Сергей Завьялов. Всегда слышать умолкнувшее, всегда видеть очевидное. Беседовал Александр Марков. — “Русский Журнал”, 2012, 11 октября <http://russ.ru> .
“Я убежден, что мы живем в эпоху перехода от Нового времени к какой-то принципиально отличной цивилизации. От тотального жестокого диктата современности уже нигде не укрыться. В той новой цивилизации, которая возникает на наших глазах, мутации подвергается все: сам человек, его институты, его рассказ о самом себе (в том числе и словесный). То, что поэзия этой цивилизации будет отличаться от поэзии европейской цивилизации Нового времени по крайней мере так же, как висы скальдов и жесты жонглеров от рифмованного воспевания свобод буржуазной личности, осуждения капиталистической эксплуатации и рассказа о своих, в том числе эротических, неврозах (на чем построена наша поэтическая классика), для меня очевидно. Непонятно только, в какой области человеческих проявлений она зародится. Я же человек прошлой цивилизации и отказываться от нее не могу и не хочу. Рассчитываю я в этом проигрышном деле, пожалуй, лишь на то, что цивилизации умирают не в одночасье. Людей с ценностями, близкими моим, я еще встречаю”.
Максим Кантор. Общее дело. — “Перемены”, 2012, 22 октября <http://www.peremeny.ru> .
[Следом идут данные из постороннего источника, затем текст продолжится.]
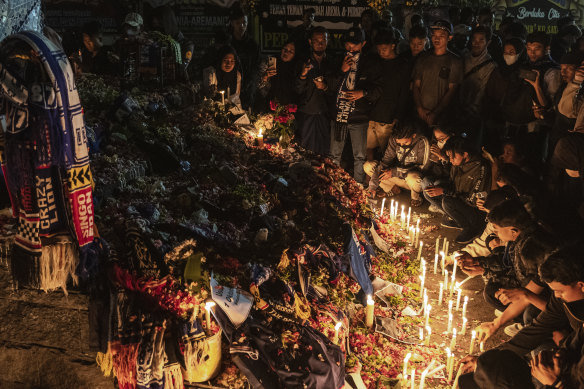 People and supporters of Arema FC light candles as they pay condolence to the victims outside Kanjuruhan Stadium in Malang, Indonesia.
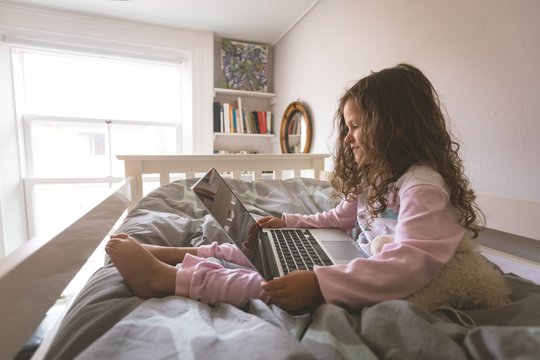 Girl using laptop on bed in bedroom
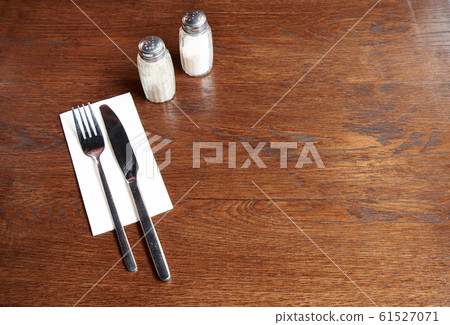 Silverware with salt and pepper on a rustic pub Silverware with salt and pepper on a rustic pub 61527071
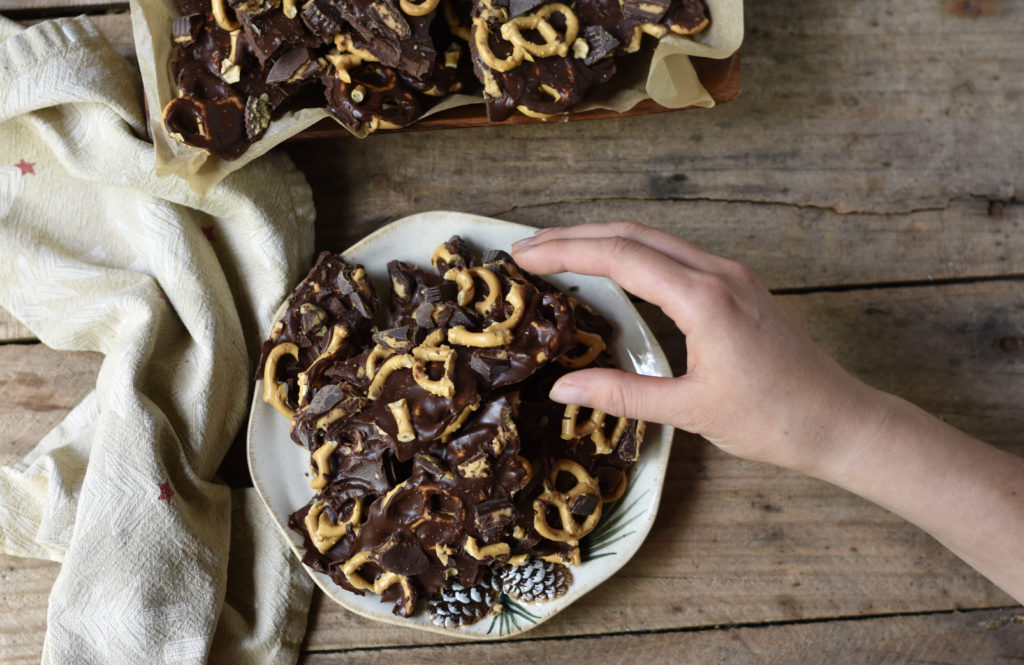 A person reaching in to take a piece of How to Make Chocolate Peanut Butter Grain Free Pretzel Bark.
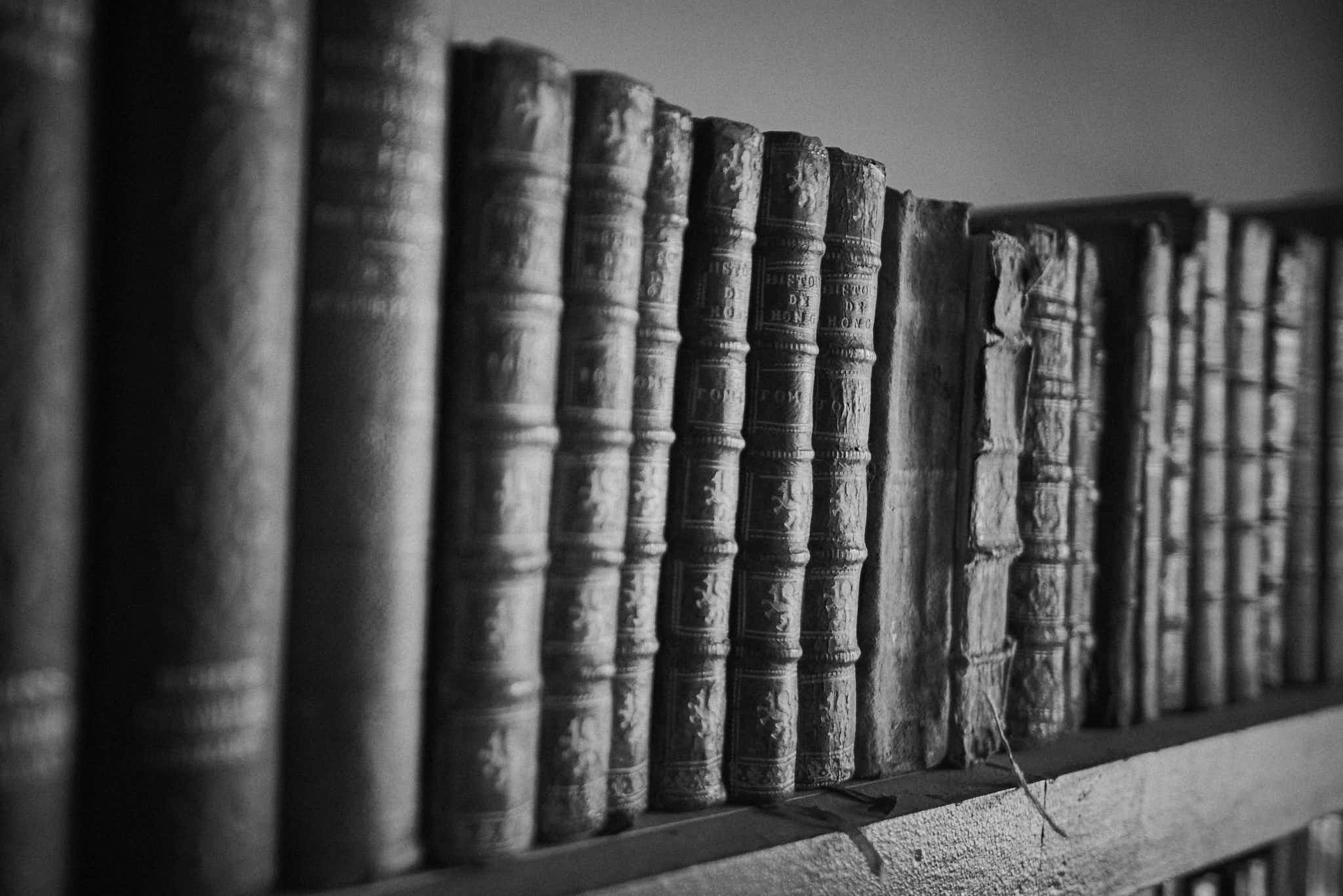 Still life #240331.4. A black and white photograph of old books on a shelf.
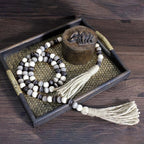 CVHOMEDECO. Wood Beads Garland with Tassels Farmhouse Rustic Wooden Prayer Bead String Wall Hanging Accent for Home Festival Decor. Black Grey Mix Distressed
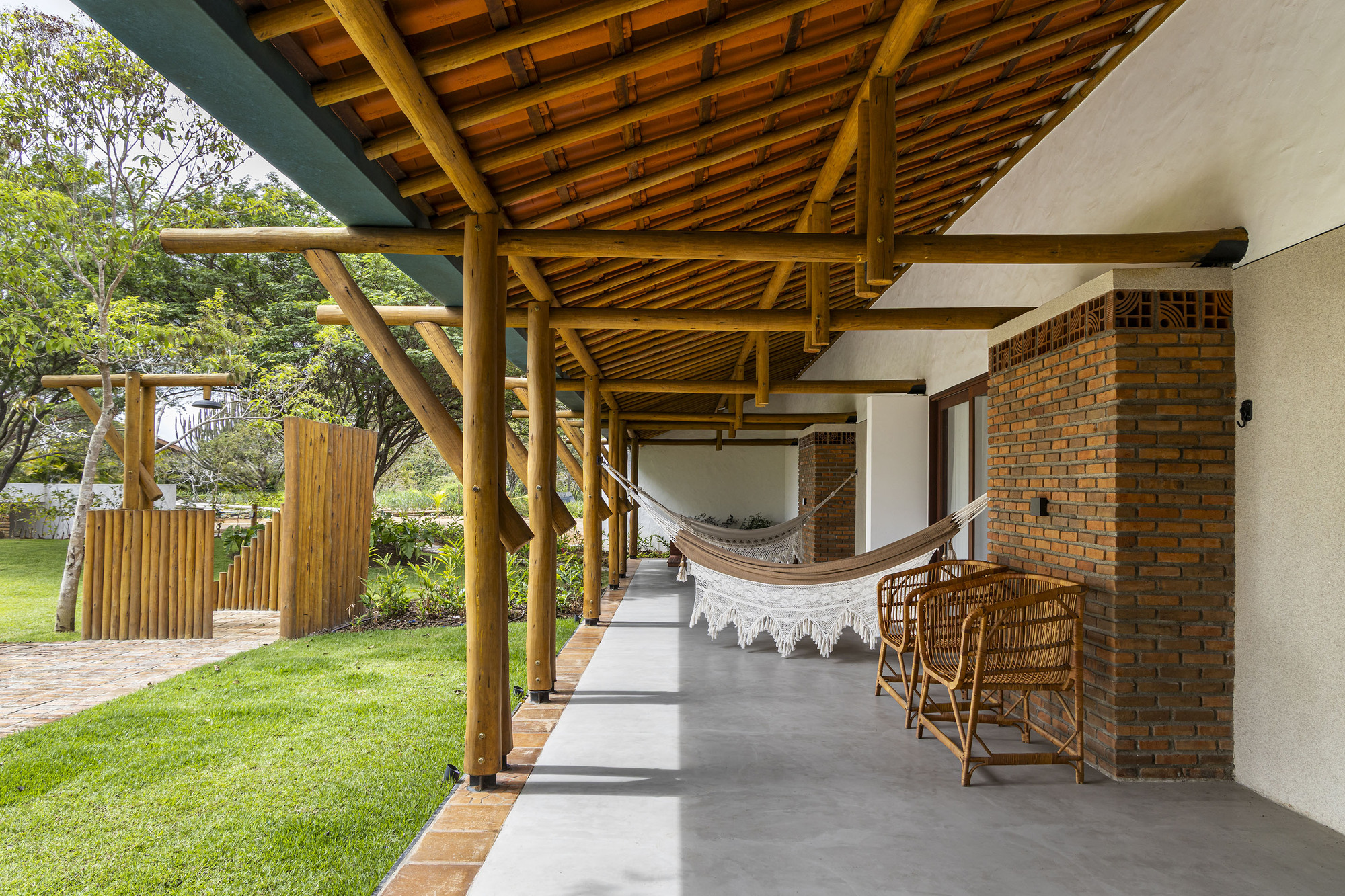 Covered terrace with exposed timber ceiling, concrete floor and hammock looking toward the lawn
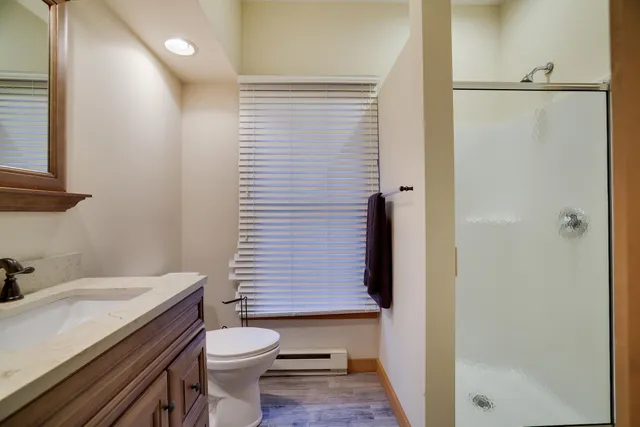 a bathroom with a sink a toilet and shower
“Лучшим русским романом последнего времени я считаю „Три минуты молчания” Георгия Владимова. <...> Интересна переписка Владимова с Солженицыным по поводу романа. Солженицын начал читать — и бросил. Написал автору (цитирую по памяти): мол, я-то надеялся, что Ваш герой понял, что будущее России на земле. Сушу надо обустраивать, Россия не морская держава! А Вы опять героя в море послали — читать неохота: зачем нам Джек Лондон. Они друг друга не поняли, Солженицын от книги отмахнулся, а Владимов объяснить Солженицыну не сумел. Книга как раз про сушу, на которой ничего сделать нельзя”.
“Роман „Три минуты молчания”, эпопея „Зияющие высоты”, поэма „Москва-Петушки” представляют особое направление русского искусства. К этому направлению отношу песни Высоцкого и Галича, рассказы Шаламова, прозу Кормера, философию Мамардашвили, книги Аверинцева — то есть самое страстное, что было создано между войной и перестройкой. Андрей Платонов писал после войны мало — но надо упомянуть великий „Ноев ковчег”, поскольку именно Платонов и есть первый в этом особом направлении русской литературы. Определить то, что объединяет это направление, — нетрудно; но термин надо объяснить”.
“Экзистенциализм в русской культуре несомненно был — и причем яркий. Просто он существовал не в работах Шестова (еще меньше в работах Бердяева) — а в литературе и в искусстве шестидесятых — семидесятых годов, параллельно со схожими процессами в Европе”.